Il a existé deux précédents PNACC, en 2011 puis en 2018, mais ces derniers intégraient seulement les trajectoires de l’Accord de Paris — viser 1,5°C pour ne pas dépasser 2 degrés –, et non un scénario à 4 degrés. Pour préparer ce nouveau plan, le ministre ouvre, à partir de ce 23 mai, une consultation publique.
Mais pourquoi le gouvernement incorpore-t-il soudainement une trajectoire à 4°C — qui semble si élevée ?
Le scénario le plus pessimiste : 4 à 5 degrés de réchauffement
En réalité, cette trajectoire est ajoutée à la première. Le prochain plan d’adaptation français au changement climatique contiendra donc deux scénarios :
- Celui de l’Accord de Paris, avec un objectif de 2°C ;
- Celui, plus pessimiste, de 4°C de réchauffement.
La prise en compte de ce scénario pessimiste provient de plusieurs sources. Le dernier avis 2023 du Conseil national de la transition écologique mentionne cette possibilité, en écrivant qu’il « regrette que la tendance actuelle des émissions mondiales de gaz à effet de serre mènerait à un réchauffement global de 4°C d’ici la fin du siècle tandis que les engagements actuels des États mèneraient à un réchauffement global de 3°C environ ».
Un réchauffement de 4 degrés est depuis longtemps considéré comme le scénario pessimiste possible. Au sein du rapport du GIEC, notamment, il existe communément plusieurs projections liées aux émissions de gaz à effet de serre, en fonction des politiques climatiques choisies par la communauté internationale. Ce sont les « trajectoires socio-économiques partagées » — shared socioeconomic pathways (ou SSP). Ces projections sont des trajectoires jusqu’à 2100.
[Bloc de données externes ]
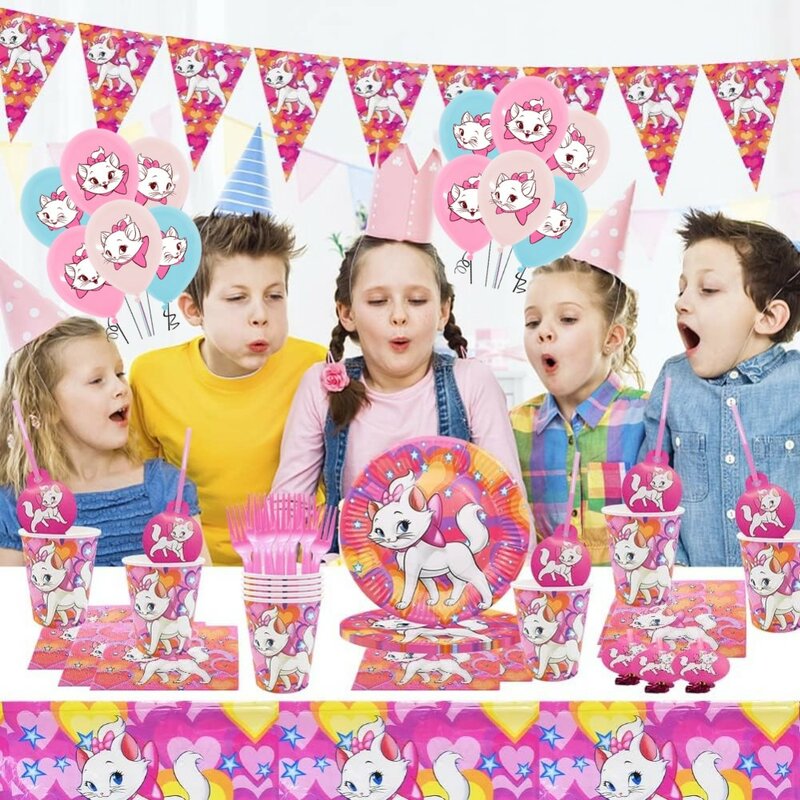 Disney Marie Cat Birthday Party Decoration The Aristocats Disposable Tableware Balloon Tablecloth Kid Baby Shower Party Supplies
- Scénario SSP1-1.9 : un maintien des températures en deçà de 1,5 °C (très improbable à ce stade)
- Scénario SSP1-2.6 : une augmentation entre 1,5 et 2 °C
- Scénario SSP2-4.5 : une augmentation de presque 3 °C
- Scénario SSP3-7.0 : une augmentation de presque 4 °C (ou « entre 3 et 5 °C » dans cette estimation lointaine)
- Scénario SSP5-8.5 : une augmentation de presque 5 °C
Le niveau de risque global sur les écosystèmes (et donc aussi l’humanité) s’accroît au fil de ces scénarios. Une étude parue début 2023 indiquait, par exemple, qu’un réchauffement à 4°C impliquerait que « petits et gros glaciers seraient touchés et 80 % des glaciers seraient alors amenés à disparaitre, avec une élévation du niveau des mers de 15,4 cm. »
Le nouveau scénario envisagé par la France est donc celui du SSP3-7.0. Le gouvernement semble dorénavant l’estimer comme une trajectoire crédible, étant donné que le pays connaît déjà un réchauffement de +1,8 °C et que l’année 2022 était la plus chaude depuis le début de l’ère industrielle. Si une telle situation adviendrait, il faudra notamment s’attendre à un risque de sécheresse multiplié par 4, à des canicules de deux mois, à des déplacements de population sur les côtes. De fait, il faudra végétaliser les villes, adapter les infrastructures ou même les assurances.
Mais l’adaptation à un tel scénario pessimiste ne doit pas être un abandon des mesures de mitigation. Comme le signalait le dernier rapport GIEC, les actions doivent être prises dès maintenant, rapides et amples.